Section II - Opérations des établissements financiers
ARTICLE 37
Les opérations des diverses catégories d'établissements financiers sont réglementées par décret compte tenu de la nature de leur activité, après avis conforme de la Banque Centrale et sous réserve des dispositions de l'article 44.
ARTICLE 38
Les établissements financiers ne peuvent recevoir de dépôts de fonds du public que dans le cadre de leur activité et s'ils y ont été autorisés par décret et dans les conditions fixées par ledit décret. Ce décret est pris après avis conforme de la Banque Centrale.
Chapitre V : Comptabilité et information de la Banque Centrale et de la Commission Bancaire
ARTICLE 39
Les banques et établissements financiers doivent tenir à leur siège social, principal établissement ou agence principale en République du Sénégal, une comptabilité particulière des opération s qu'il s traitent sur le territoire de la République du Sénégal.
Ils sont tenus d'établir leurs comptes sous une forme consolidée, conformément aux dispositions comptables et autres règles arrêtées par la Banque Centrale.
ARTICLE 40
Les banques et établissements financiers doivent arrêter leurs comptes au 30 septembre de chaque année.
Avant le 31 mars de l'année suivante, ils doivent communiquer à la Banque Centrale et à la Commission Bancaire :
ARTICLE 41
Les banques et établissements financiers doivent, en cours d'exercice, dresser des situations selon la périodicité et dans les conditions prescrites par la Banque Centrale.
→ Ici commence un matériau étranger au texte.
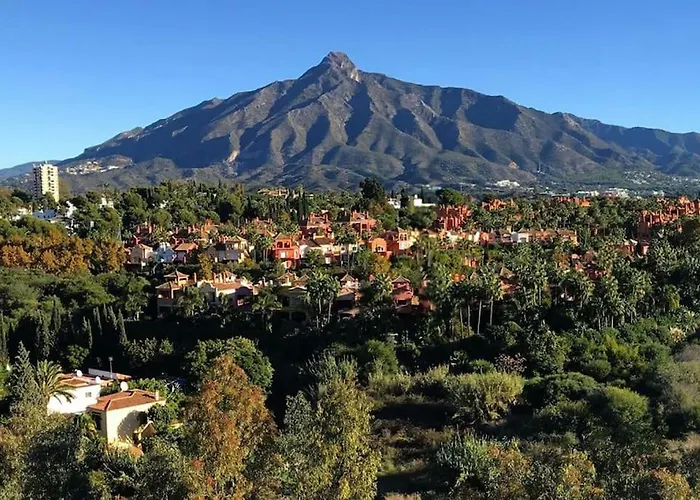 Lägenhet Luxurious Close To Puerto Banus Estepona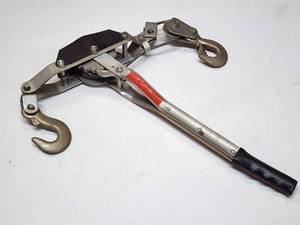 lot 142 image: Cable Winch Puller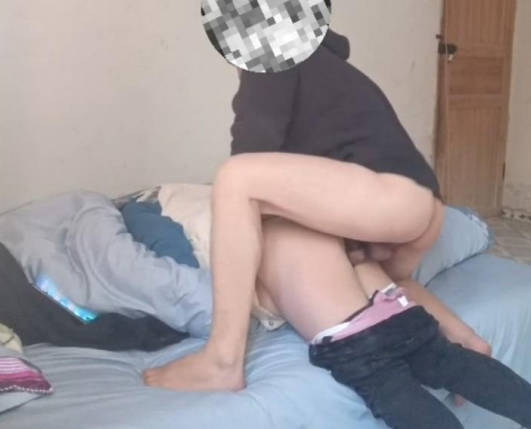 苦等几个月终于狠下心骗农村嫂子到自己房间真实强奸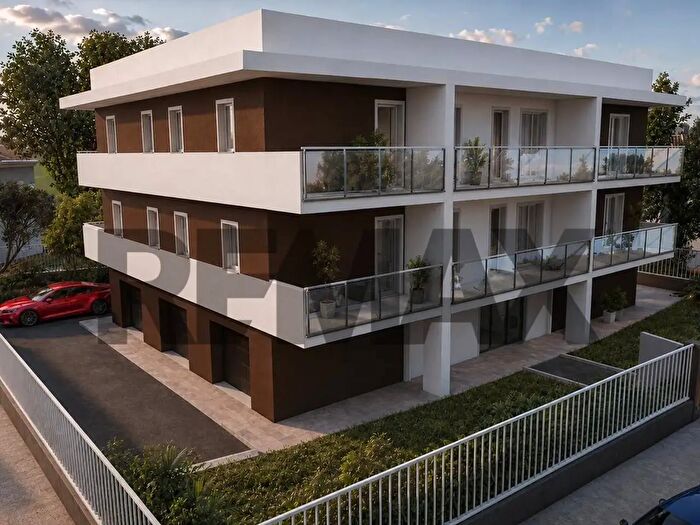 Appartamento trilocale in vendita in Via Mancinelli Snc, Chiaravalle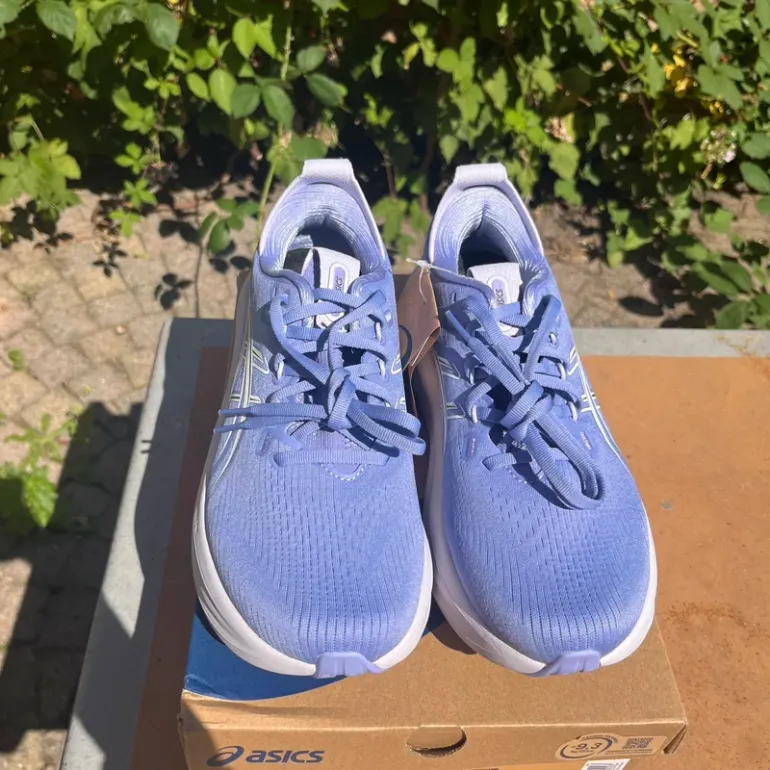 Brugt Asics Gel Nimbus 28 bike — billede 4 af 5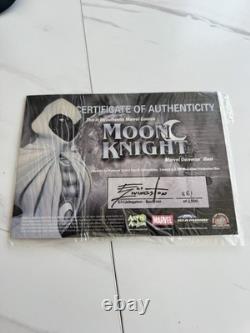 Marvel Moon Knight Limited Edition Bust #881/2500 COA Diamond Select Statue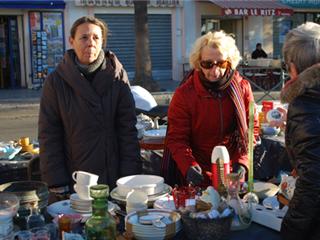 Sanary: une brocante caritative glaciale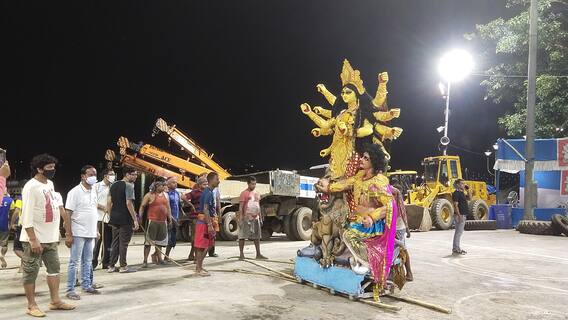 Durga Puja 2021: একাদশীর দিনেও মণ্ডপে মণ্ডপে ঠাকুর দেখার ভিড়, বাবুঘাটে আজও চলছে নিরঞ্জন | Bangla News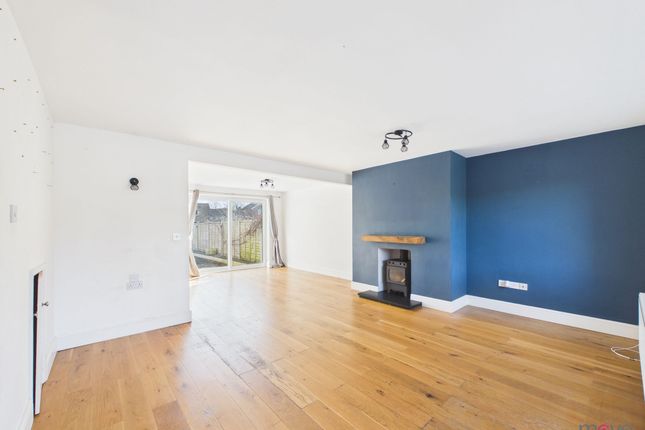 5 Hulbert Close, Cheltenham photo 3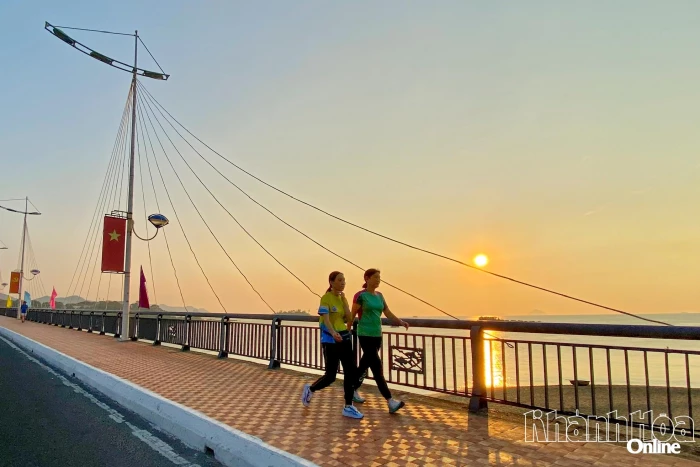 Đi qua những nhịp cầu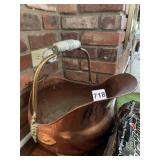 COPPER WITH BRASS HANDLE 18H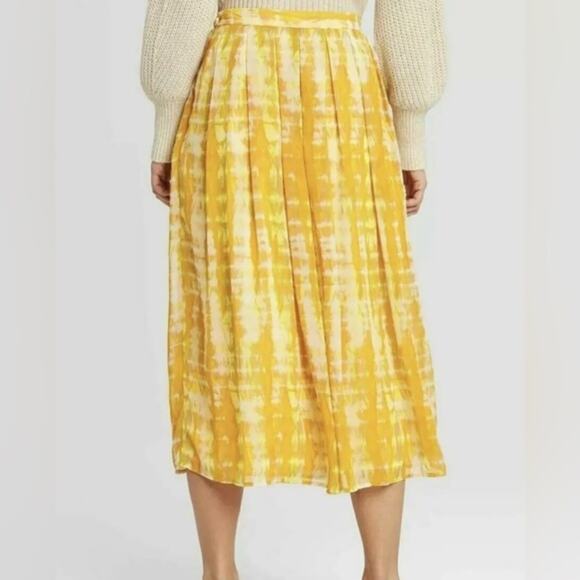 Who What Wear Yellow Pleated Midi Skirt - 22W - Picture 2 of 7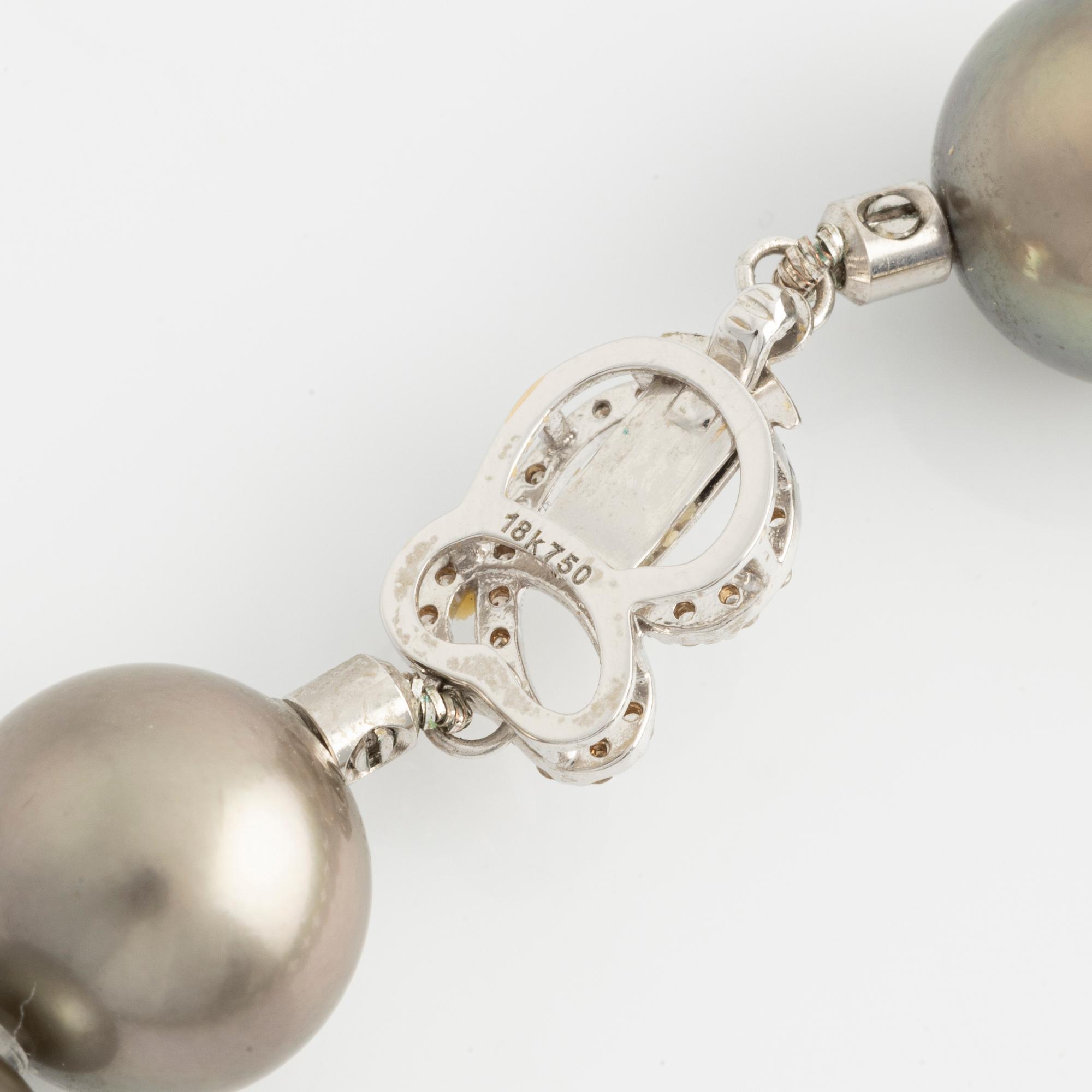 A Tahitian cultured pearl necklace.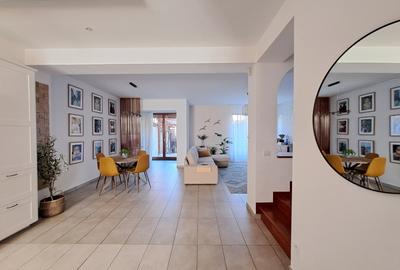 Proprietar   |   Vilă modernă  în American Village Pipera   |  Renovată complet - 1
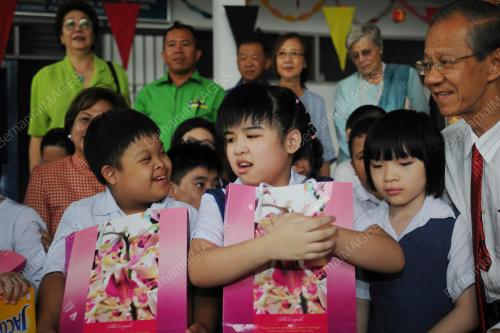 SK02_06102016_SEKOLAH_KHAS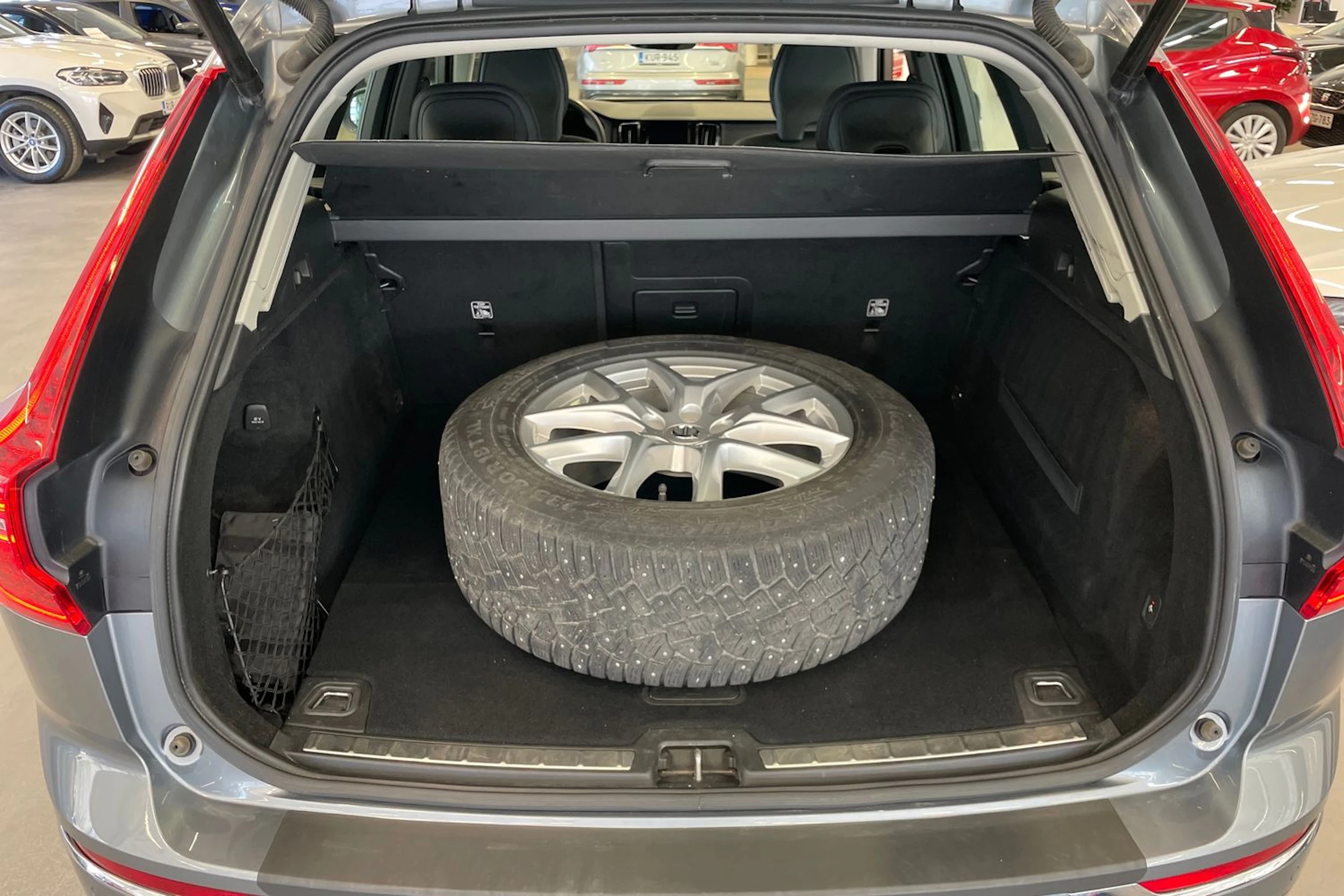 Harmaa Volvo XC60 2020 kuva 11.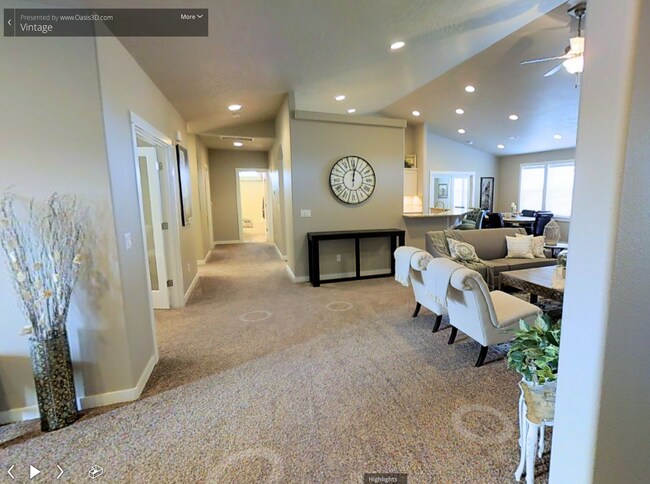 Foto del edificio - 4742 SW Volcano Ave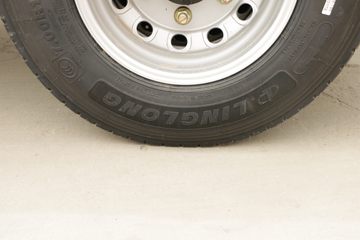 �й�����HOWO ͳ˧ 140���� 3.85���Ű������Ῠ(��ʿ��6��)ͼƬ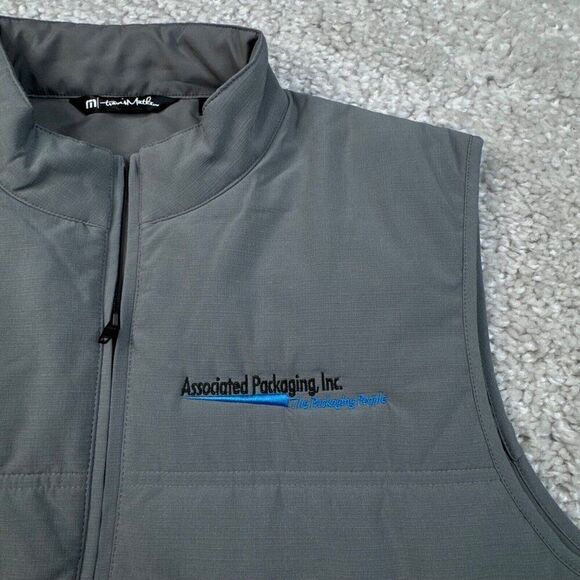 Travis Mathew Cold Bay Vest Embroidered Logo Gray - Picture 4 of 10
Ces situations sont communiquées à cette dernière et à la Commission Bancaire.
ARTICLE 42
Les banques et établissements financiers doivent fournir, à toute réquisition de la Banque Centrale, les renseignements, éclaircissements, justifications et documents jugées utiles pour l'examen de leur situation, l'appréciation de leurs risques, l'établissement de listes, de chèques et effets de commerce impayés et d'autres incidents de paiement, et généralement pour l'exercice par la Banque Centrale de ses attributions.
Les banques et établissements financiers sont tenus, à toute demande de la Commission Bancaire, de fournir à cette dernière tous documents, renseignements, éclaircissements et justifications jugés utiles à l'exercice de ses attributions.
A la requête de la Commission Bancaire, tout commissaire aux comptes d'une banque ou d'un établissement financier est tenu de lui communiquer tous rapports, documents et autres pièces ainsi que de lui fournir tous renseignements jugés utiles à l'accomplissement de sa mission.
Le secret professionnel n'est opposable ni à la Commission Bancaire, ni à la Banque Centrale, ni à l'autorité judiciaire agissant dans le cadre d'une procédure pénale.
ARTICLE 43
Les dispositifs de l'article 42 sont applicables à l'Office des Postes et de la Caisse d'Epargne en ce qui concerne les opérations de ses services financiers et de chèques postaux.